Insurance providers traditionally get slack for being behind the curve in technology but in this instance that is far from the case as American insurance company USAA aims to use drones to speed up the claims process.
"One of the areas we are looking to use these in is before and after natural disasters," said Kathleen Swain, USAA property and casualty group underwriter and commercial pilot.
USAA recently filed a request with the Federal Aviation Administration (FAA) to allow them to start testing unmanned aircraft to see how they could be used most effectively in the case of a natural disaster.
By law the FAA has to respond to USAA’s request within 120 days of the filing.
"It's sometimes much quicker to get the machine out to these disaster zones than a human body. This could help speed up the process and help put them back to where they were before the claims event," Swain said.

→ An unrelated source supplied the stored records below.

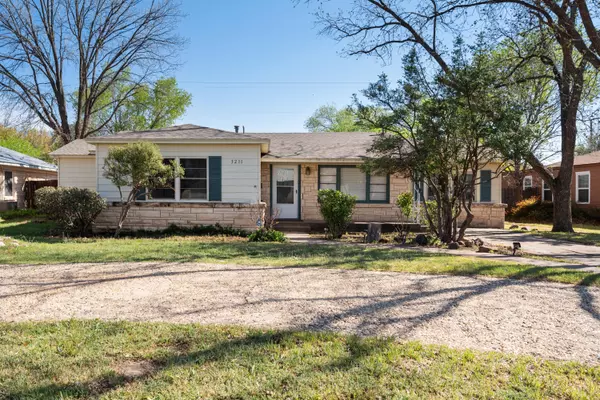 3211 26th Street, Lubbock, TX 79410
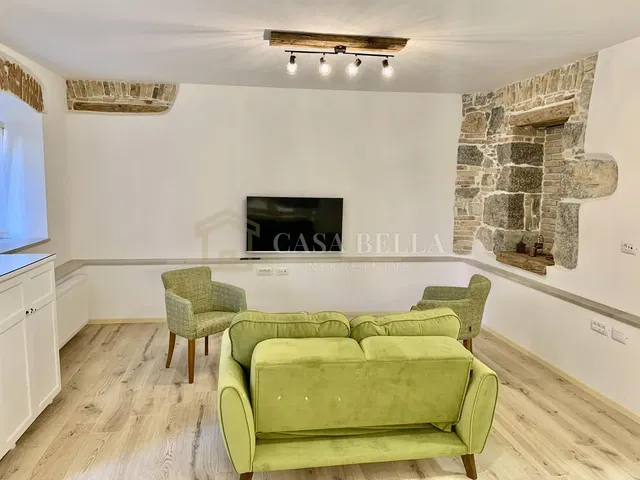 Salon; styl nowoczesny, podłoga drewniana, światło dzienne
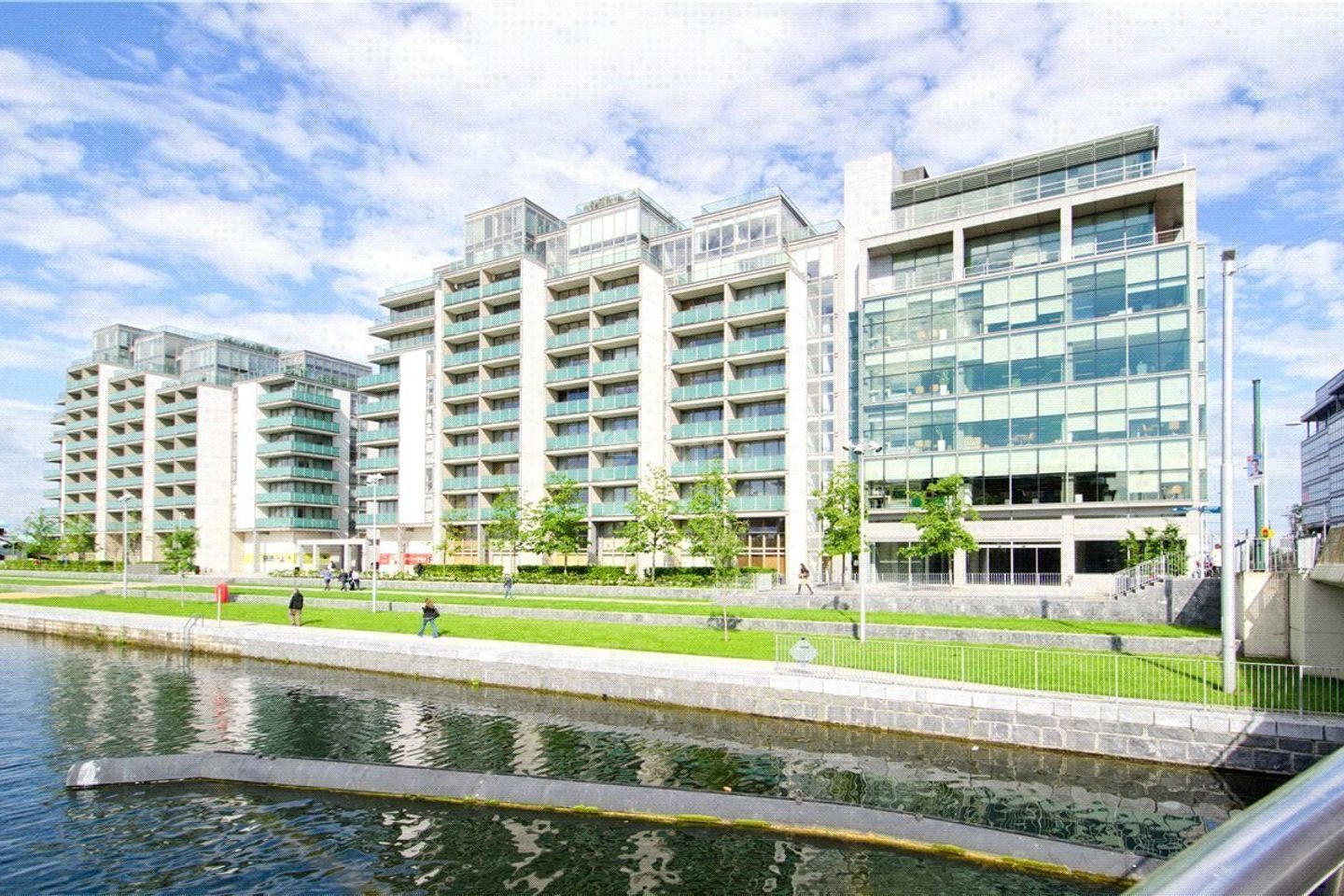 Apartment 21, Cloncurry House, IFSC, Dublin 1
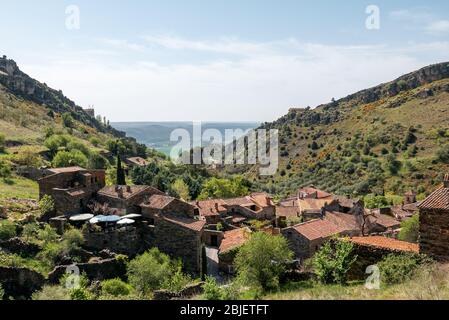 Schönes ländliches Dorf in den Bergen. Patones de Arriba, Madrid, Spanien Stockfoto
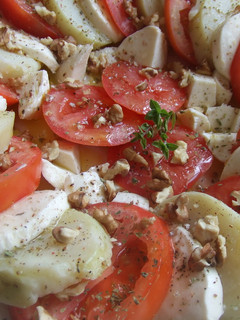 Una foto de Ensalada sencilla de tomates y patatas con mozzarella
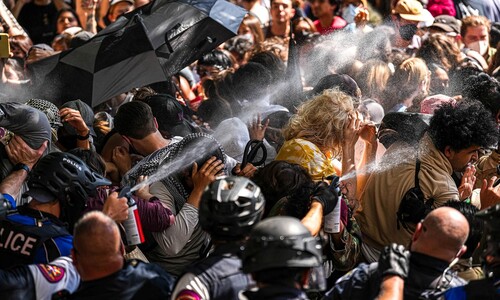 ‘가자전쟁 규탄’ 대학생에 최루가스 뿌리는 미 경찰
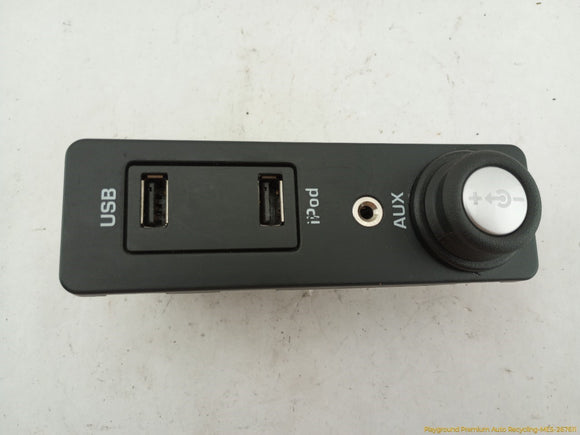 Range Rover Evoque USB Auxillary Jack Port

The USAA has partnered with Precision Hawk, a provider of user-friendly tools for high quality data collection and processing, who designed the five pound drone they intend to use.
The Faa has come under scrutiny recently based on its controversial policy to keep a tight rein on using commercial drones in the U.S. Nevertheless, Congress, backed by several prominent industries, has been pushing the FAA to implement the infrastructure to allow drone use for business purposes.
Until recently only a handful of companies operating in the Arctic have the FAA's permission to operate drones commercially.
All the testing will be done on the USAA’s privately owned campus land in San Antonio that is uninhabited.
In September, however, the U.S. government gave six movie and television production companies permission to use drones for filming.
Tech giants like Amazon and Google hope to someday use the technology for deliveries and other industries like real estate companies aim to use the unmanned aircraft for photography.